The AFN’s gathering is being held at the Hilton Lac Leamy in Gatineau, Que., across the Ottawa River from Canada’s capital, which is in the territory of the Kitigan Zibi Anishinabeg First Nation.
Kitigan Zibi Chief Jean-Guy Whiteduck, who is hosting the gathering, criticized the federal government in his opening address to the gathering.
Whiteduck, whose community has reserve lands about 130 km north of Ottawa, said millions of acres of Algonquin territory was being surrendered for “peanuts” by the Algonquins of Ontario (AOO), a group of 10 Algonquin entities that includes only one recognized First Nation.
“One community is making a claim for our territory…to surrender a large part of our lands without our approval,” said Whiteduck, while Indigenous Affairs Minister Carolyn Bennett looked on from the stage behind him. “It goes back to the old days when were given trinkets. That is not acceptable. Our title is not for sale.”

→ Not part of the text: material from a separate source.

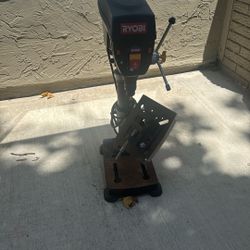 Ryobi Drill Press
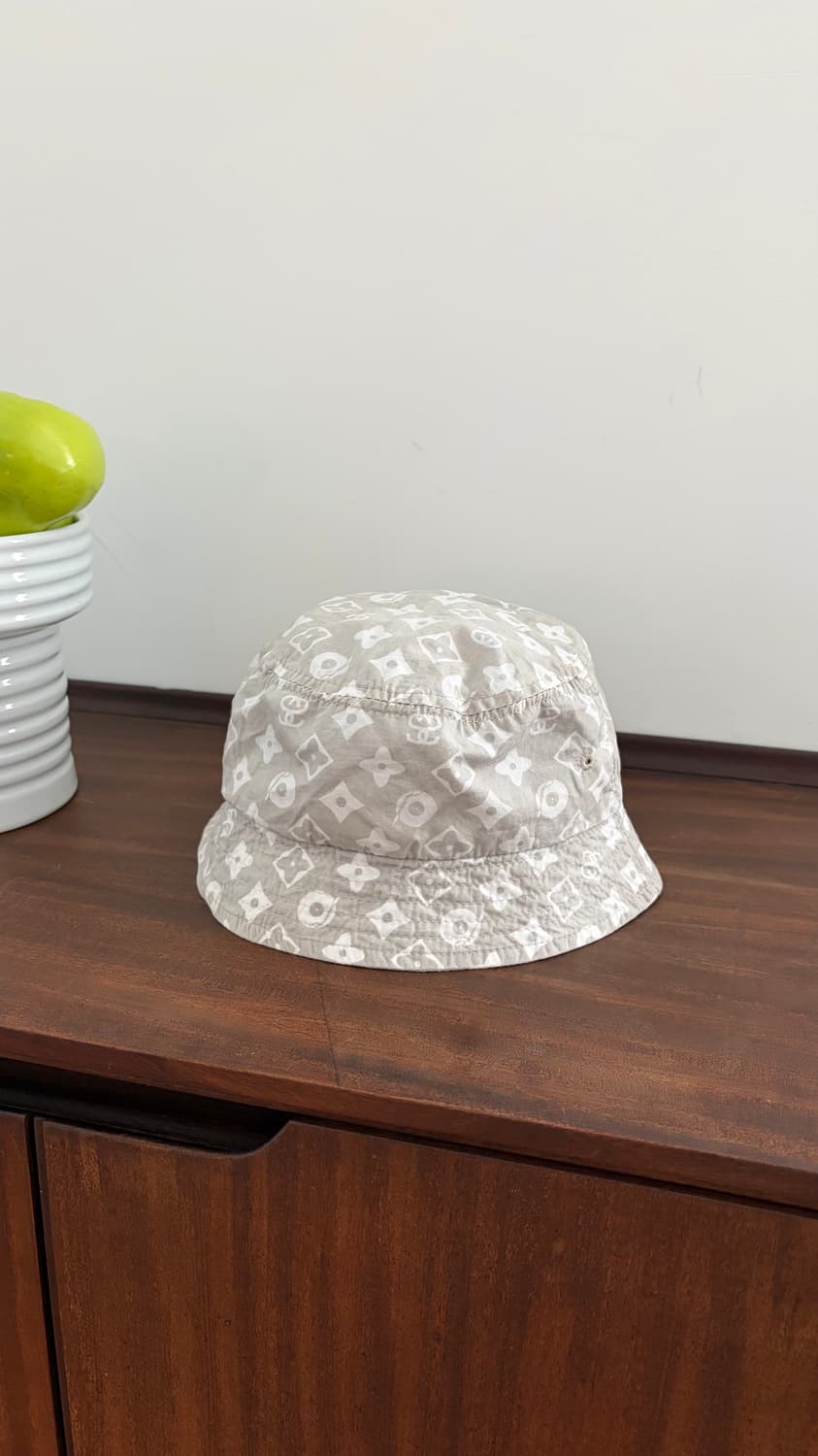 STUSSY LV MONOGRAM HAT 1990'S OLD 상품이미지4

Watch the Assembly of First Nations Special Chiefs Assembly here: AFNSCA
In October, the AOO signed an agreement-in-principle with Ottawa and Queen’s Park on the modern-day treaty. The three sides are now negotiating a final agreement of the $300 million land claim settlement which would see about 47,500 hectares of Ontario Crown land transferred to AOO control. The land claim covers about 3.6 million hectares of land in eastern Ontario.
Whiteduck said the majority of Algonquins live across the border in Quebec and they will not stand by and watch this deal reach completion.
“We want to resolve the issue,” he said.
As the chiefs gather in Gatineau this week, the issue of land, rights and title continues to simmer following the Justin Trudeau Liberal government’s announcement last week it had approved the Kinder Morgan Trans Mountain pipeline expansion to carry over 800,000 barrels of bitumen per day from Alberta to Burnaby, B.C., on the doorstep of the Tsleil-Waututh Nation which is opposing the project.
However, the project has the support of several British Columbia First Nations in the interior, including the Tk’emlups Indian Band, the home community of AFN B.C. regional Chief Shane Gottfriedson who negotiated a deal with Kinder Morgan on the project.
AFN National Chief Perry Bellegarde addressed this division facing the chiefs organization.
“As AFN, we are not the rights and title holders,” said Bellegarde. “And the most important right we will support is the right to self-determination and that means the right to say ‘yes’ and the right to say ‘no.’”
Bellegarde also set up Prime Minister Justin Trudeau’s planned speech for the assembly later in the day. He told chiefs the Liberal government was making progress on its commitments to First Nations. He particularly noted the $8.4 billion promised by the federal government.
“When was the last time there was $.8.4 billion allocated for Indigenous people? Never. It is even more than Kelowna,” said Bellegarde, referring to a $5 billion deal signed by former Liberal prime minister Paul Martin and the AFN which was scrapped once Stephen Harper’s Conservatives took power. “We are not doing cartwheels and flips right now because we have to get the resources out.”